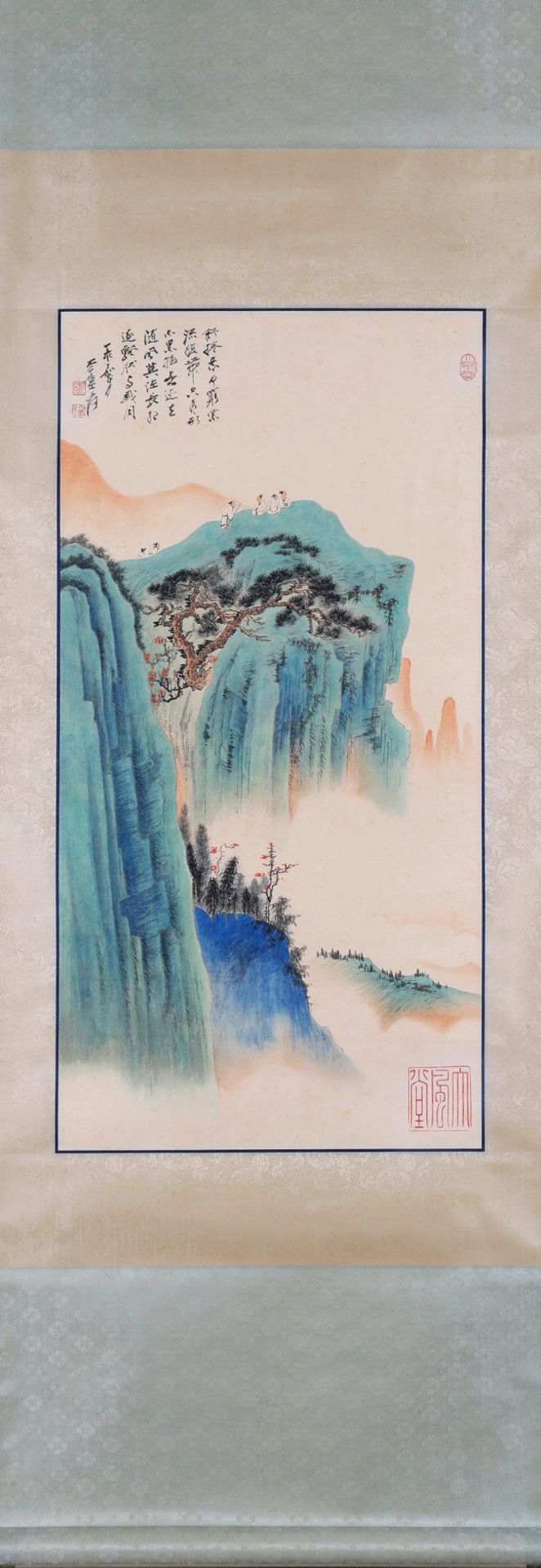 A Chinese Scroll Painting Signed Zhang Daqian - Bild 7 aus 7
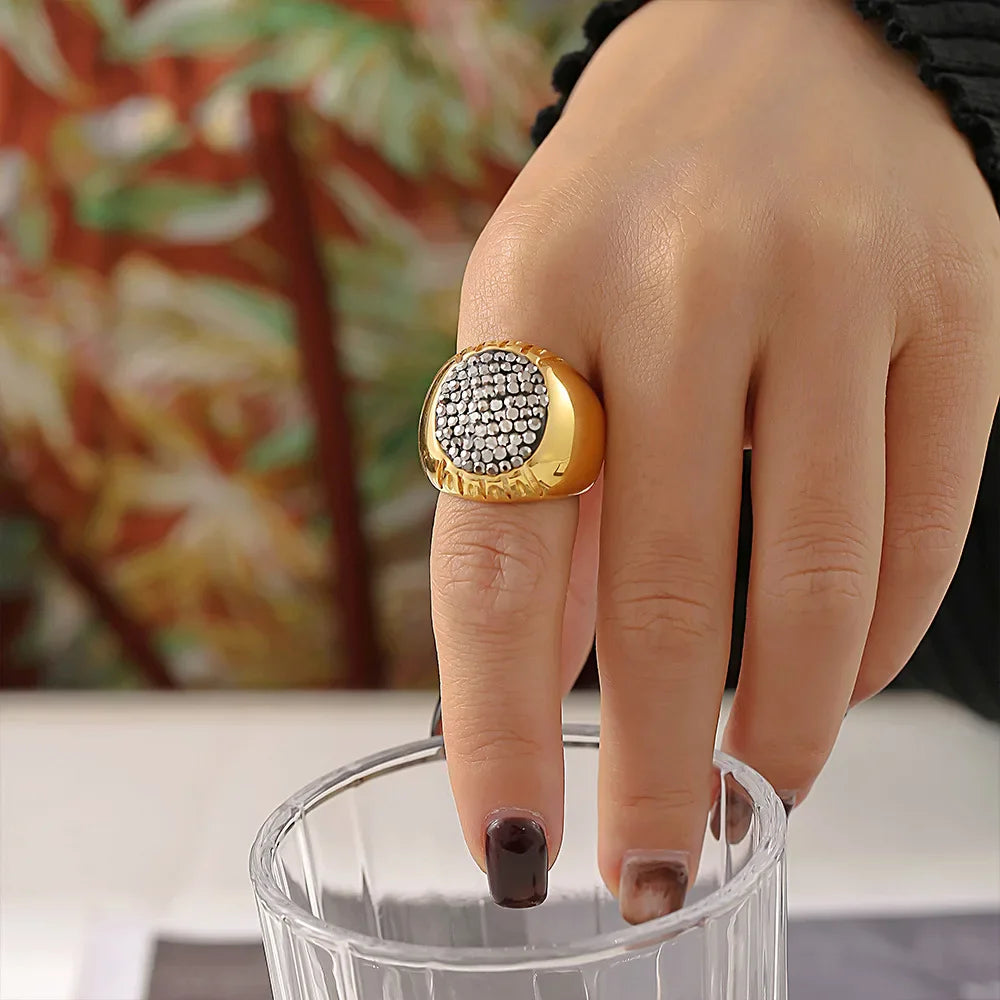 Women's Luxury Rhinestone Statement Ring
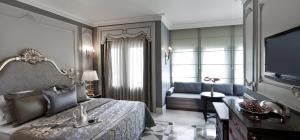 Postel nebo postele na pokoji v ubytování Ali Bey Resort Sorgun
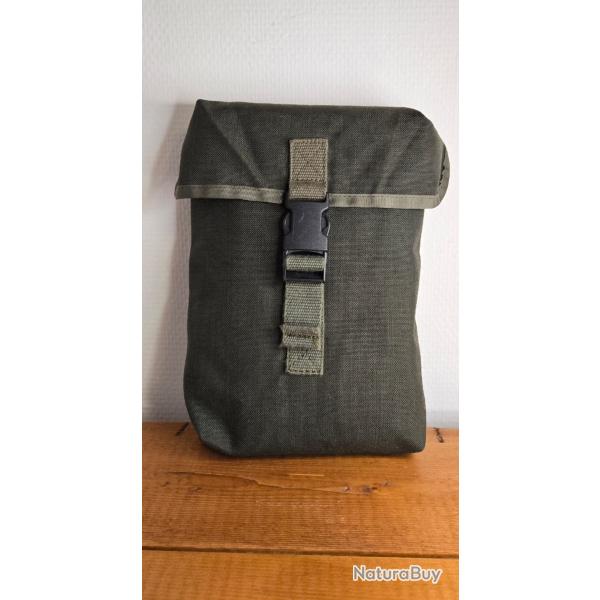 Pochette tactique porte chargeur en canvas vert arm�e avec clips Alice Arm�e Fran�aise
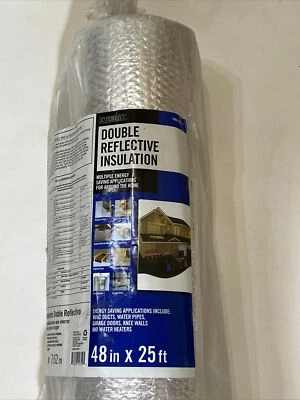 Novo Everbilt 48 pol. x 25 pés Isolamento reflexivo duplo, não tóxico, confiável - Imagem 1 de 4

# [TASK]
Retype the listing exactly. Pictures do not belong in the copy.

# [RESPONSE]
 A Chinese Scroll Painting Signed Zhang Daqian - Bild 7 aus 7
 Women's Luxury Rhinestone Statement Ring
 Postel nebo postele na pokoji v ubytování Ali Bey Resort Sorgun
 Pochette tactique porte chargeur en canvas vert arm�e avec clips Alice Arm�e Fran�aise
 Novo Everbilt 48 pol. x 25 pés Isolamento reflexivo duplo, não tóxico, confiável - Imagem 1 de 4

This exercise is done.